Guwahati, Aug. 8: The various health schemes introduced by the Assam government have helped lower the maternal mortality rate and infant mortality rates over the past few years.
However, the schemes still have a long way to go to ensure the health of all mothers and newborns in the state.
At present, the maternal mortality rate of Assam is 347 per one lakh live births, which is still higher than the national average rate of 172 per one lakh live births.
The infant mortality rate is 55 per 1,000 live births, which, too, is higher than the national average of 44.
The Assam health department over the past few years had introduced several health schemes like Mamomi, Majoni, Janani Sishu Suraksha Yojana and Janani Suraksha Yojana to promote institutional delivery.
But many women in remote areas still do not avail of institutional deliveries.
“When a woman in an inaccessible area goes into labour, there may not be enough time to bring her to a hospital. In such case, she may opt for delivery at the hands of an untrained midwife. Therefore, we have started to transport women in remote areas through the recently launched palanquin service up to a point, from where she will be transported to the hospital in 108 ambulances. In riverine areas, they are first transported by ambulances and then carried across the river to a hospital through boat ambulances. She is then transported to a hospital by another ambulance from the bank,” said Atul Sarma, consultant, Child Health, of NRHM Assam.

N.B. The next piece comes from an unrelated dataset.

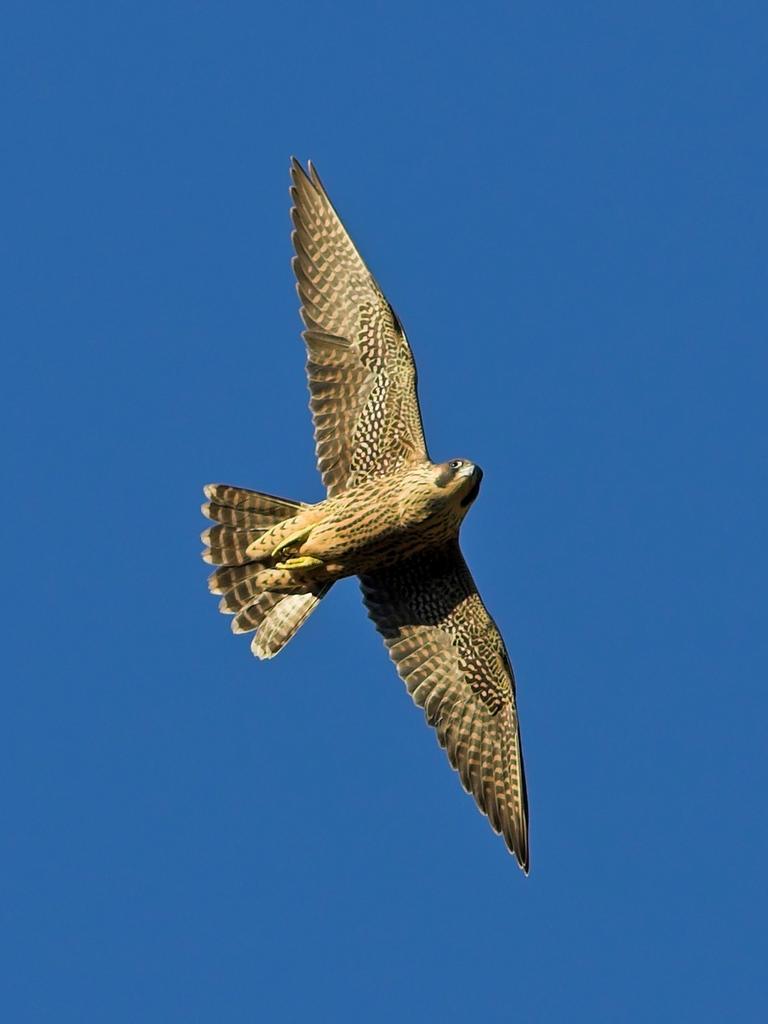 Ein fliegender Wanderfalke vor blauem Himmel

“During institutional delivery doctors can prevent blood loss, which is one of the prime causes of death among mothers. Besides, the baby can also be easily treated for any illness,” said Sarma.
Mamomi ensures three free ante-natal check-ups for pregnant women with cash benefits and under Majoni, each girl child born is given an amount of Rs 5,000, which is kept as fixed deposit and later handed to her after she attains 18 years of age.
Under Janani Sishu Suraksha Karyakaram, free institutional deliveries, including Caesarean sections with free treatment facilities, are provided to mothers and infants.
Under Janani Suraksha Yojana, a woman receives Rs 1,400 for delivering her child in government hospitals in rural areas and Rs 1,000 in urban areas. “The Assam government and NRHM have introduced various schemes to promote safe institutional delivery in hospitals. The accredited social health activists (ASHAs), too, interact with pregnant women to educate them on benefits of institutional delivery. These helped in lowering the infant mortality rate from 420 per one lakh live births about four years ago to 347 per one lakh live births now. The IMR, too, has reduced from 68 per 1,000 live births to 55 per 1,000 live births now,” said Sarma.